Set down the entries below once more, precisely as they stand.
===
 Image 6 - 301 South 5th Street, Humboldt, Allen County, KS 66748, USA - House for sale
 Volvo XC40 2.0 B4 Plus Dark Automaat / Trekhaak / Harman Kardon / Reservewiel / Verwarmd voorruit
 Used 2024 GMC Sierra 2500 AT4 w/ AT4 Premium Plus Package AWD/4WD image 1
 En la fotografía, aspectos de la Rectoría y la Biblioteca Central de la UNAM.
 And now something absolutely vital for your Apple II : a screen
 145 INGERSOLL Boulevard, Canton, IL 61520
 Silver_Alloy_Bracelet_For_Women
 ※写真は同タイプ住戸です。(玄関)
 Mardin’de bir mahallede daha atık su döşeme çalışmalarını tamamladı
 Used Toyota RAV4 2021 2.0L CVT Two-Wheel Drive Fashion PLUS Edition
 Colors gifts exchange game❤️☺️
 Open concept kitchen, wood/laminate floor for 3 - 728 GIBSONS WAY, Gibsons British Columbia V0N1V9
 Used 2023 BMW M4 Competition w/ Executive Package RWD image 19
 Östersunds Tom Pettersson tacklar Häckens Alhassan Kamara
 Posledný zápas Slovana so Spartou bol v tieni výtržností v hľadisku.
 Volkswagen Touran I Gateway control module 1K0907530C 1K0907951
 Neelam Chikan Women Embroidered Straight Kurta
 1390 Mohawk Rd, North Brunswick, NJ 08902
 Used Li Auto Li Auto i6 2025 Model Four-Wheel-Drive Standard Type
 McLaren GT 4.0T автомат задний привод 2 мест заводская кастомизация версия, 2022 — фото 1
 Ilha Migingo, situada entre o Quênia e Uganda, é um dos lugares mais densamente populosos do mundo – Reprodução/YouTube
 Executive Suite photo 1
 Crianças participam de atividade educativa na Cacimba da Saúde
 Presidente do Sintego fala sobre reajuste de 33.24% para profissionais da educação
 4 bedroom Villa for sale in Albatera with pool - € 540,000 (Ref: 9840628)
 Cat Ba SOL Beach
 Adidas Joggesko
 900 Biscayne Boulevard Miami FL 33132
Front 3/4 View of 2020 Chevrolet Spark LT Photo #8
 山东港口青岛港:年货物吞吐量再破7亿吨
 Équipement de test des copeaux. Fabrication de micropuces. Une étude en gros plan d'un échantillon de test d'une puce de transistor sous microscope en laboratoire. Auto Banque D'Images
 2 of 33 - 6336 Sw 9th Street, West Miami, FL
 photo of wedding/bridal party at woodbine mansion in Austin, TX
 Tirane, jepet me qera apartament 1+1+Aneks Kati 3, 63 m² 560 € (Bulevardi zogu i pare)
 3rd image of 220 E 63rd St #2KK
===
▶ **YOUR SOLUTION**:
 Image 6 - 301 South 5th Street, Humboldt, Allen County, KS 66748, USA - House for sale
 Volvo XC40 2.0 B4 Plus Dark Automaat / Trekhaak / Harman Kardon / Reservewiel / Verwarmd voorruit
 Used 2024 GMC Sierra 2500 AT4 w/ AT4 Premium Plus Package AWD/4WD image 1
 En la fotografía, aspectos de la Rectoría y la Biblioteca Central de la UNAM.
 And now something absolutely vital for your Apple II : a screen
 145 INGERSOLL Boulevard, Canton, IL 61520
 Silver_Alloy_Bracelet_For_Women
 ※写真は同タイプ住戸です。(玄関)
 Mardin’de bir mahallede daha atık su döşeme çalışmalarını tamamladı
 Used Toyota RAV4 2021 2.0L CVT Two-Wheel Drive Fashion PLUS Edition
 Colors gifts exchange game❤️☺️
 Open concept kitchen, wood/laminate floor for 3 - 728 GIBSONS WAY, Gibsons British Columbia V0N1V9
 Used 2023 BMW M4 Competition w/ Executive Package RWD image 19
 Östersunds Tom Pettersson tacklar Häckens Alhassan Kamara
 Posledný zápas Slovana so Spartou bol v tieni výtržností v hľadisku.
 Volkswagen Touran I Gateway control module 1K0907530C 1K0907951
 Neelam Chikan Women Embroidered Straight Kurta
 1390 Mohawk Rd, North Brunswick, NJ 08902
 Used Li Auto Li Auto i6 2025 Model Four-Wheel-Drive Standard Type
 McLaren GT 4.0T автомат задний привод 2 мест заводская кастомизация версия, 2022 — фото 1
 Ilha Migingo, situada entre o Quênia e Uganda, é um dos lugares mais densamente populosos do mundo – Reprodução/YouTube
 Executive Suite photo 1
 Crianças participam de atividade educativa na Cacimba da Saúde
 Presidente do Sintego fala sobre reajuste de 33.24% para profissionais da educação
 4 bedroom Villa for sale in Albatera with pool - € 540,000 (Ref: 9840628)
 Cat Ba SOL Beach
 Adidas Joggesko
 900 Biscayne Boulevard Miami FL 33132
Front 3/4 View of 2020 Chevrolet Spark LT Photo #8
 山东港口青岛港:年货物吞吐量再破7亿吨
 Équipement de test des copeaux. Fabrication de micropuces. Une étude en gros plan d'un échantillon de test d'une puce de transistor sous microscope en laboratoire. Auto Banque D'Images
 2 of 33 - 6336 Sw 9th Street, West Miami, FL
 photo of wedding/bridal party at woodbine mansion in Austin, TX
 Tirane, jepet me qera apartament 1+1+Aneks Kati 3, 63 m² 560 € (Bulevardi zogu i pare)
 3rd image of 220 E 63rd St #2KK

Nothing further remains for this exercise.